Dataset extract:
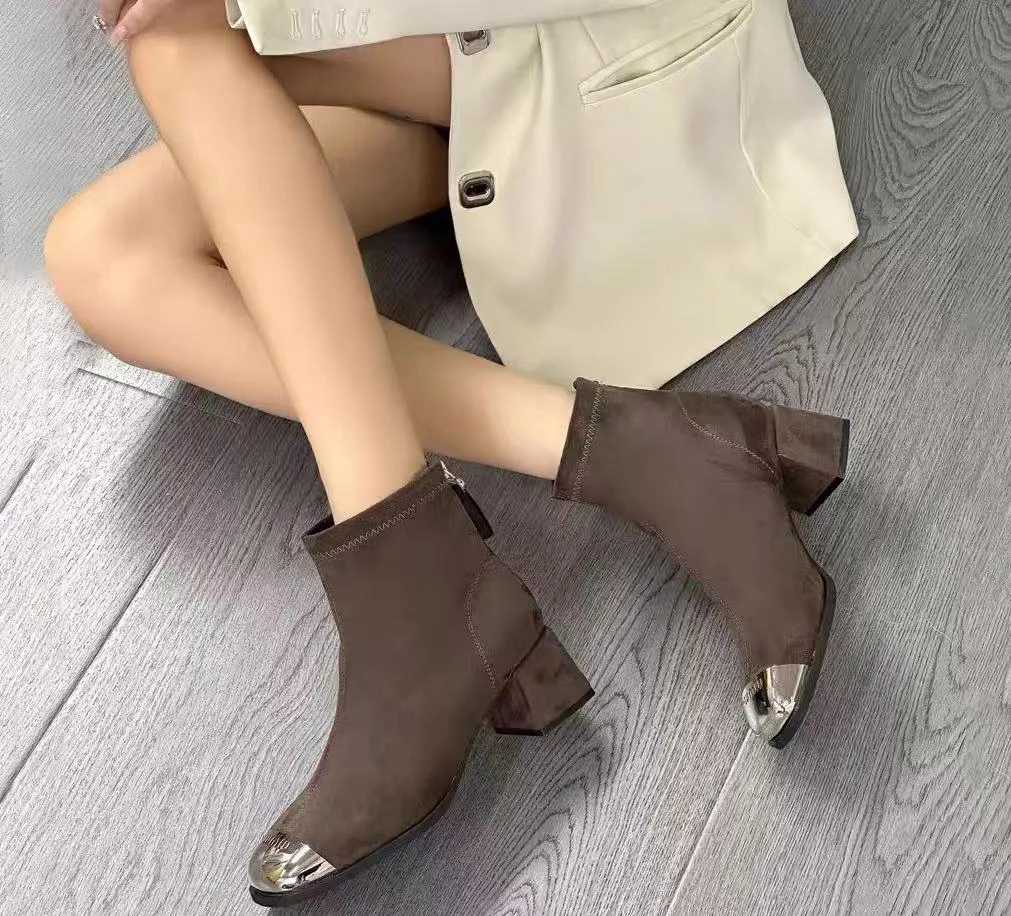 秋冬新款韩版通勤瘦瘦简约粗跟裸靴短靴Y59-5(不加绒)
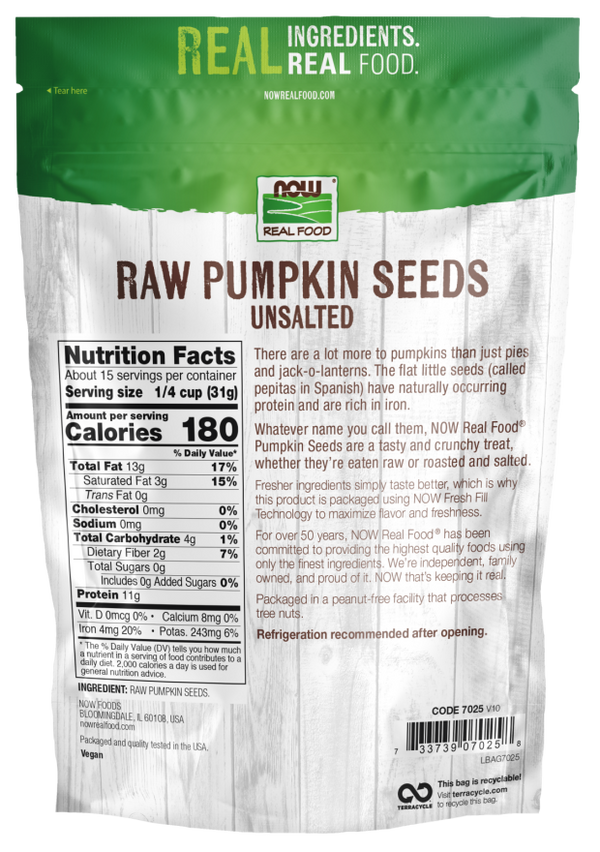 Pumpkin Seeds Raw 1 lb by Now Foods (BACKORDERED)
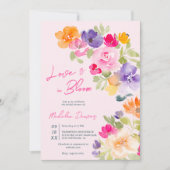 Invitation Pink Floral Amour en fleur d'été nuptiale douche (Devant)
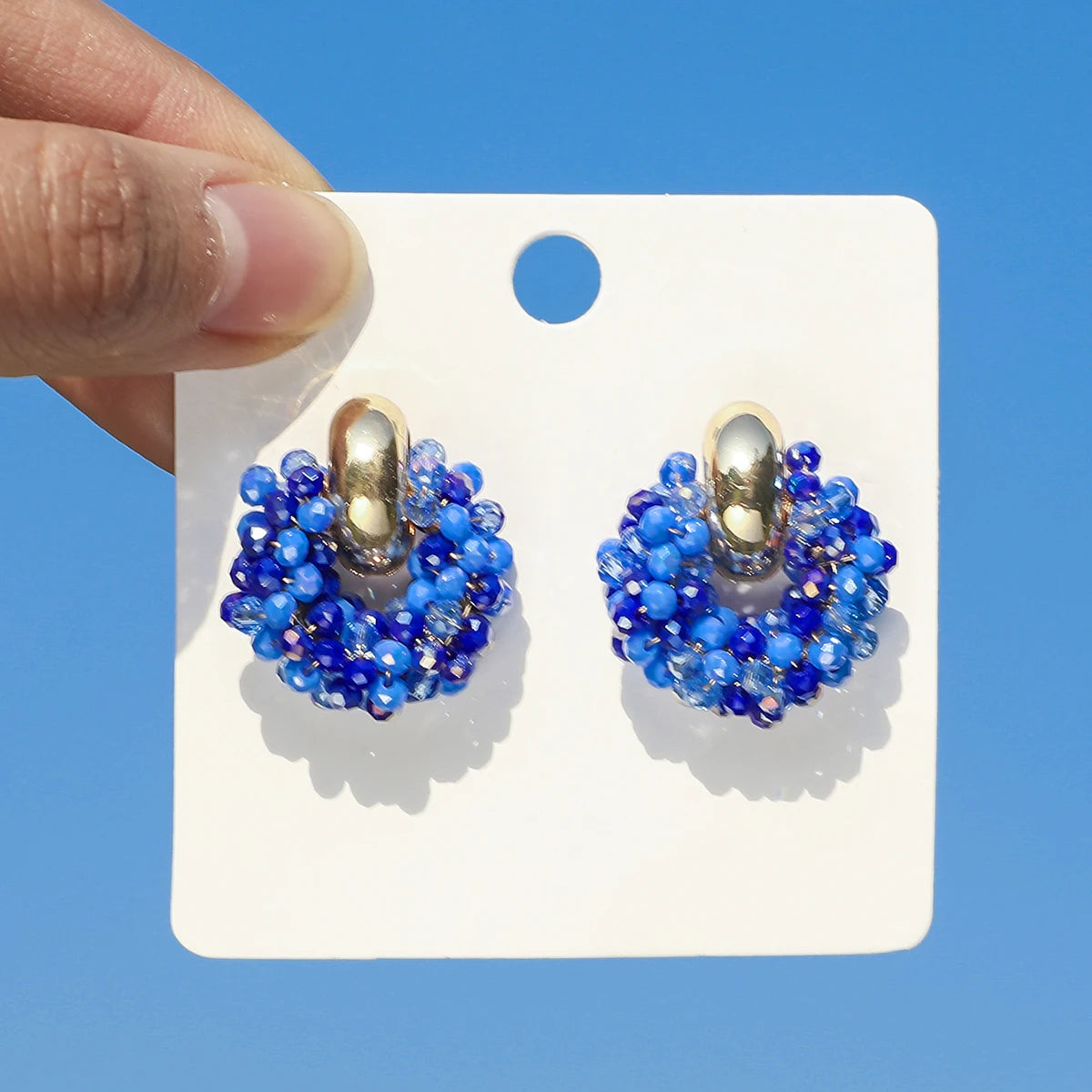 Boho Elegant Crystal Beads Drop Earrings for Women Luxury Geometric Dangle Summer Beach Party Jewelry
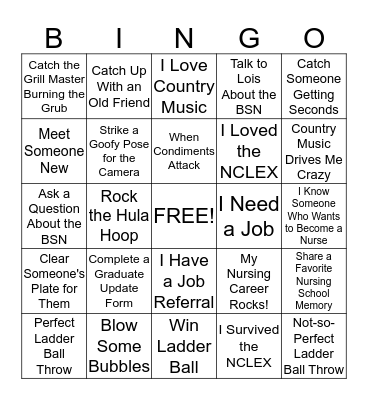 Nursing Alumni BBQ Bingo Card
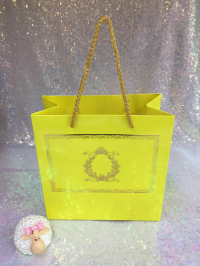 20x20x10 Sarı Altın Yaldızlı Karton Çanta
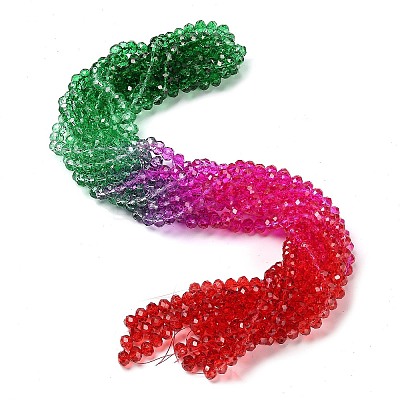 Transparent Painted Glass Beads Strands LS-DGLA-A034-T8mm-A24-1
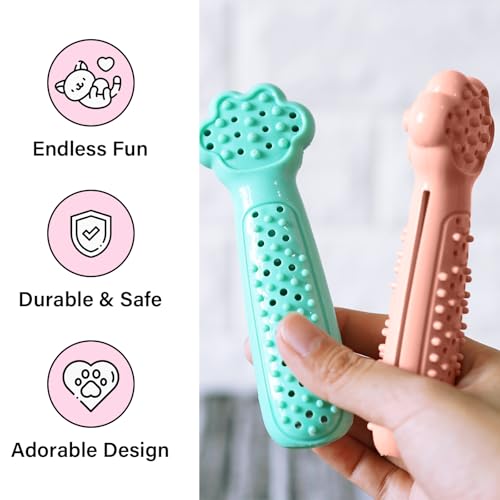 Cat Teething Toy, Cute Paw Chew Toys for Cat Dental Care, Pet Treat Dispenser Toy for Kitten Chewing, Kicking and Boredom Releasing, Pet Puzzle Toys (Pink-2 PCS) - color: Pink-2 PCS
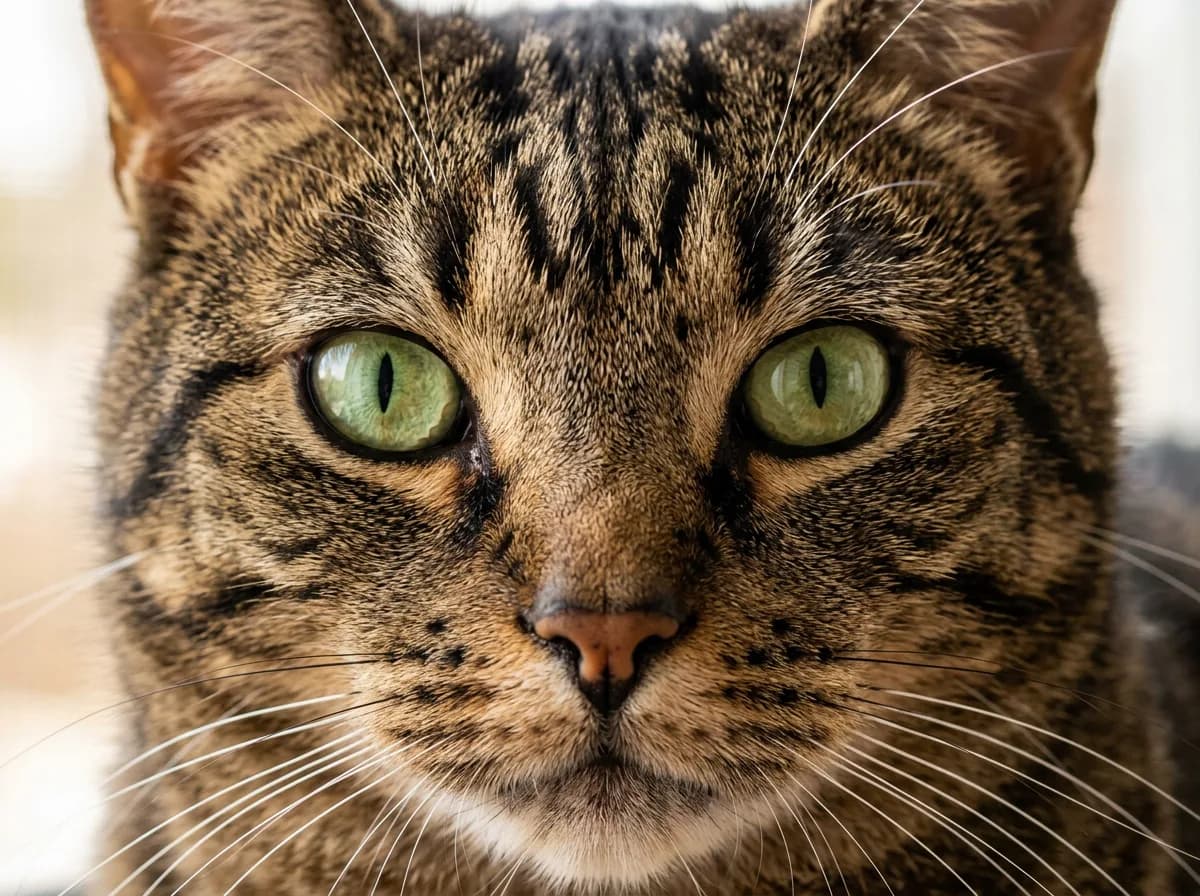 A close-up of a brown tabby cat's face showing the distinct dark M-shaped marking on the forehead between and above the eyes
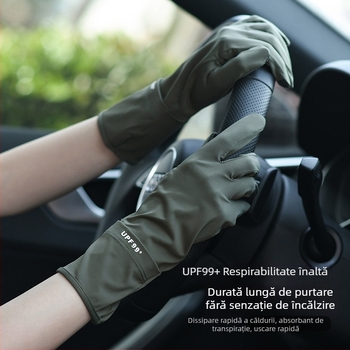 Mănuși de conducere pentru femei, protecție UV, Ice Silk respirabil, subțiri, degete întregi, touchscreen, antiderapante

What the exercise asks: Beginning at the line that has "20x20x10 Sarı Altın Yaldızlı Karton Çanta" and ending at the line that has "Transparent Painted Glass", restate the listing above word for word, pictures left out.

Exercise solution:
 20x20x10 Sarı Altın Yaldızlı Karton Çanta
 Transparent Painted Glass Beads Strands LS-DGLA-A034-T8mm-A24-1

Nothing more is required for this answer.